Şilili yaman sinemacı Sebastián Lelio, 2013 yılında ülkesinde çektiği rafine filmi ‘Gloria’yı, Hollywood’a taşımış. Yeni Dünya için yeniden İngilizce çekmiş filmini. Çok ufak nüanslar hariç birebir çekmiş üstelik. Filmin analizine girmeden, öncelikle ülkemizde 10 Ocak 2014 tarihinde vizyona girmiş orijinal film hakkında neler yazdığımızı anımsayalım: ‘Film, Grup Gündoğarken imzalı ‘Gel İstersen’ adlı şarkıyı düşürüyor akla: ‘Tutkular kelepçe gibidir yüreğine. Sakın vurma özgür ol sende. Kendini yalnız duy, başkası olmasın. Ne eksiğin ve ne de parçan’. Sebastián Lelio imzalı Şili filmi, hüzünle mizahı buluşturan, duygusal bir dram. Kendini, yere sağlam basan bir birey olarak duyumsamanın, zayıf yanlarını törpüleyerek, yeniden güçlü, özgür hissetmenin filmi.

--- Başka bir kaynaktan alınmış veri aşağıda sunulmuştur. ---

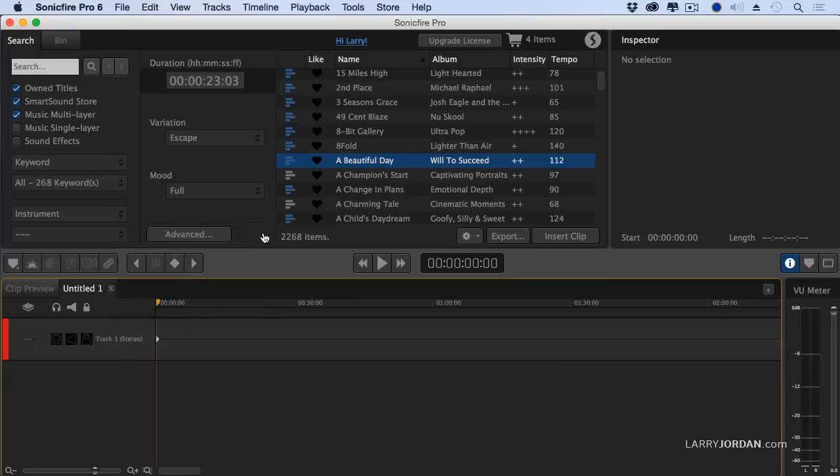SmartSound was released in about 1996, maybe 1995. I've been using it since 1997. I'm a huge fan. I've got a library right now that consists of almost 2,300 pieces of music. Their library is now more than 3,500. It's an amazing collection of highly customizable music.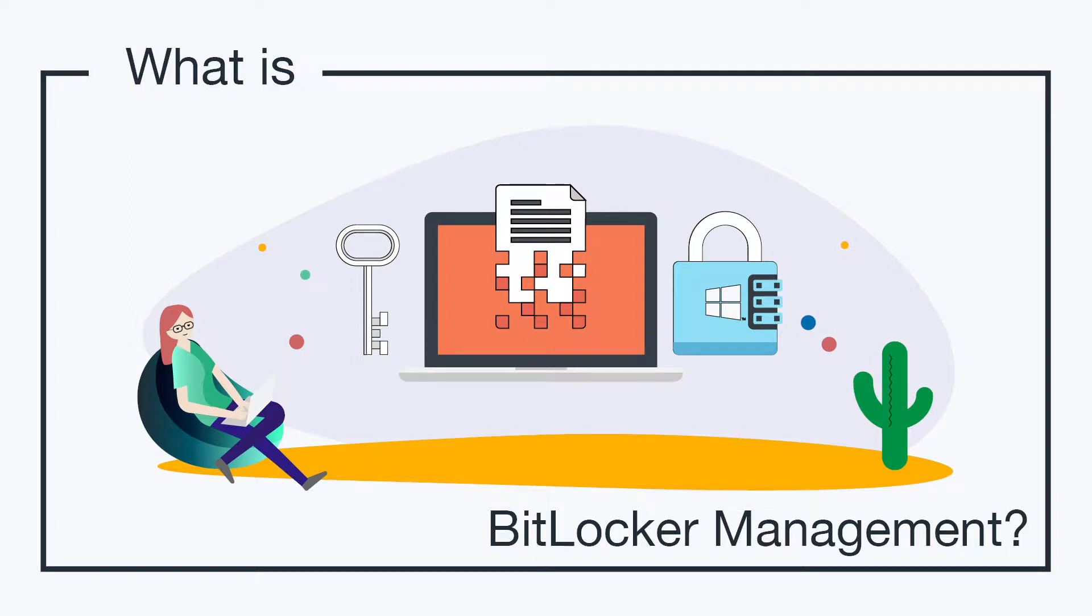Hey, it's Vince with JumpCloud. Welcome to another episode of our What Is video series. In this episode, we'll be talking about BitLocker Management. So, what is BitLocker Management?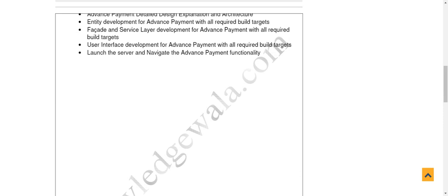If your functionality has some sort of screens, start from the backend — basically from the data access object layer. Once you are done with your data access object layer, jump to the service layer and think about all possible operations which can be utilized to develop this functionality. Once your service layer is completed, you can go to the facade layer.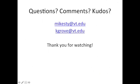All right. Thank you guys very much for watching. We hope that you learned a lot from our tutorial. If you have any questions, any comments, any kudos, please send us an email. You can email me at mikesty at vt.edu or kevin at kgrove at vt.edu. Thank you very much for watching.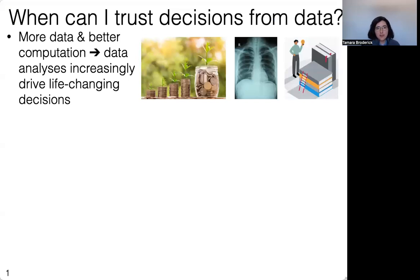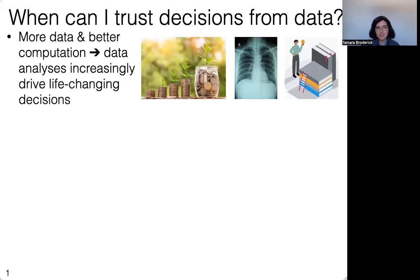Today's talk is about trusting decisions from data. The exciting thing about the past few decades is that we've increasingly gotten so much more data and so much better computation. We really have this opportunity for data analyses to drive our life-changing decisions. These could be decisions in personal finance, medical care, or education. We really care about making sure that these decisions are helping people, and so probably we should be running tons of checks on these decisions.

Arka planda ise, ülkenin geçmiş kırk yılına ve günceline değinen, politik ve sosyal gerçekler var. Altmış yaşına merdiven dayamış Gloria, yalnız bir kadın. Kendini yalnız hissediyor; kendini yalnız duymak güç çünkü! Şuursuz, bilinçsiz bir halde deviniyor gündelik hayatta. Anlık hazlar peşinde koştuğu bekar partilerinde, barlarda ve müzikhollerde aradığı kendi değil, bir başkası hep! Yine onun gibi ‘aranan’, kendinden biraz yaşlı emekli bir deniz subayı ile ilişkiye giriyor ardından. Bağlanmak istiyor, ilişkinin büyüsüne kapılmak ama… Berlin Film Festivali’nden döndüğü üç ödülden, ‘en iyi kadın oyuncu’ olanını kazanan Paulina García, müthiş bir performans sergiliyor! Arjantinli sinemacı Lucrecia Martel’in ‘La Mujer Sin Cabeza / Başsız Kadın’ ve geçtiğimiz aylarda vizyona giren Amerikan bağımsızı ‘Frances Ha’ ile birçok ortak yönü var filmin, mesele bağlamında. Dürüst bir portre resmetmiş Şilili yönetmen. Ülkesinin tarihine çaktırmadan bakarak, bütün acıların; bireyin yüreğinde ve hafızasında açtığı yaralarla ilgileniyor. Özgürlük ve kişilik, en önemli belirleyicisi birey ve insan olabilmenin. Başkası olmadan, bir başına, dans edebilmek örneğin. Kendinin ne güzel olduğunu bilmek, sevmek kendini. Çirkin bir kediyi ya da! Umberto Tozzi imzalı enfes şarkı ‘Gloria’ eşliğinde, kendinizi iyi hissederek ve dans ederek çıkıyorsunuz salondan. Bir yakınınız Gloria. Çok sevdiğiniz, o hür ve güçlü arkadaşınız!’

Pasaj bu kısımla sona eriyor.